▶ _Prompt_:
Repeat the whole listing word for word, skipping pictures.
━━━━━ Collected material
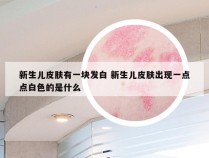 新生儿皮肤有一块发白 新生儿皮肤出现一点点白色的是什么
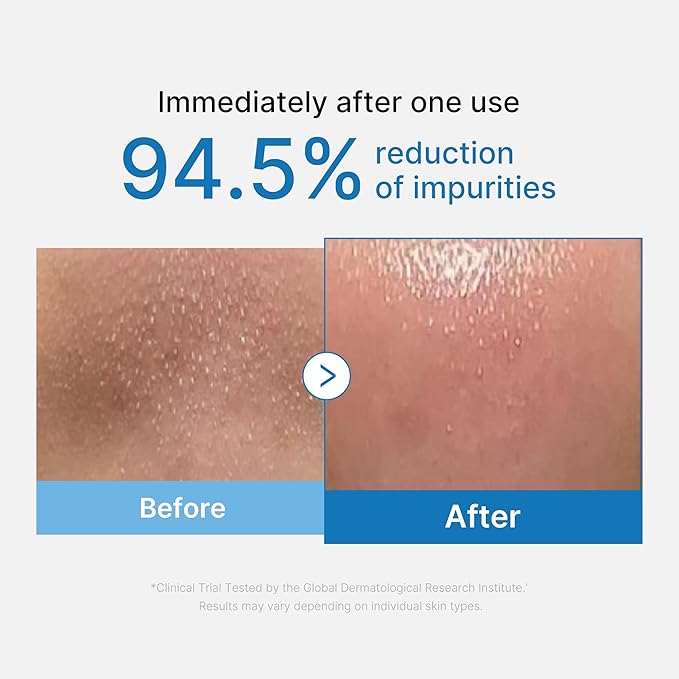 Medicube Zero Pore Blackhead Deep Cleansing Oil (205ml)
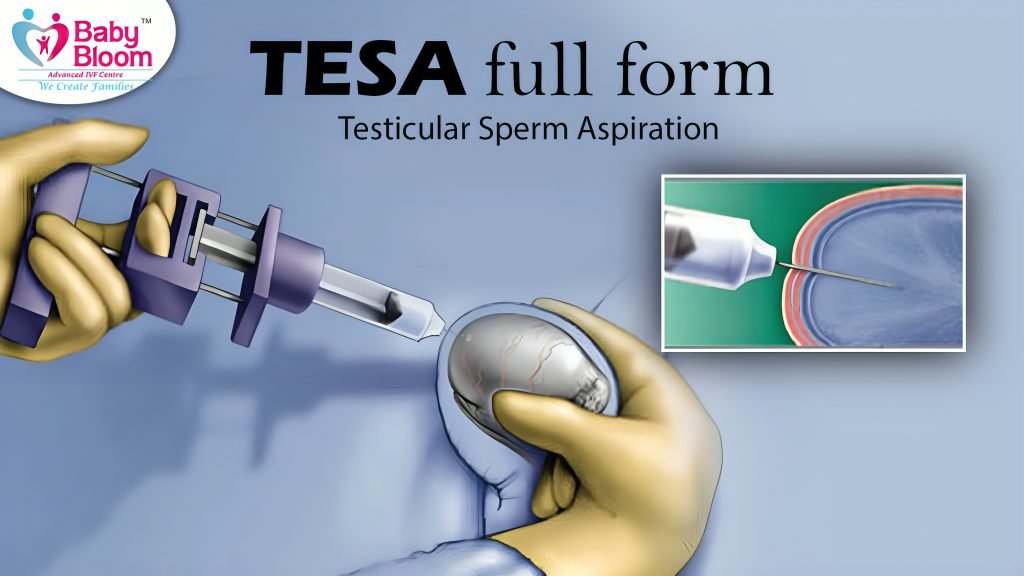 TESA full form testicular sperm aspiration, image showing process of tesa in this picture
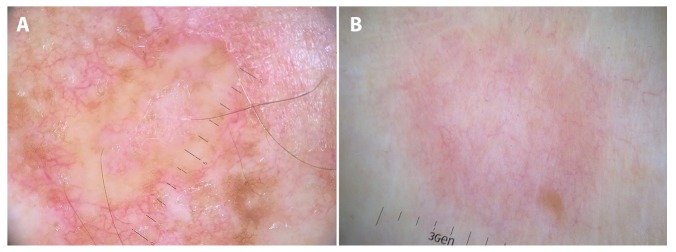 Dermoscopy of Inflammatory Dermatoses (Inflammoscopy): An Up-to-Date ...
━━━━━━━━━━
▶ _Solution for this task_:
 新生儿皮肤有一块发白 新生儿皮肤出现一点点白色的是什么
 Medicube Zero Pore Blackhead Deep Cleansing Oil (205ml)
 TESA full form testicular sperm aspiration, image showing process of tesa in this picture
 Dermoscopy of Inflammatory Dermatoses (Inflammoscopy): An Up-to-Date ...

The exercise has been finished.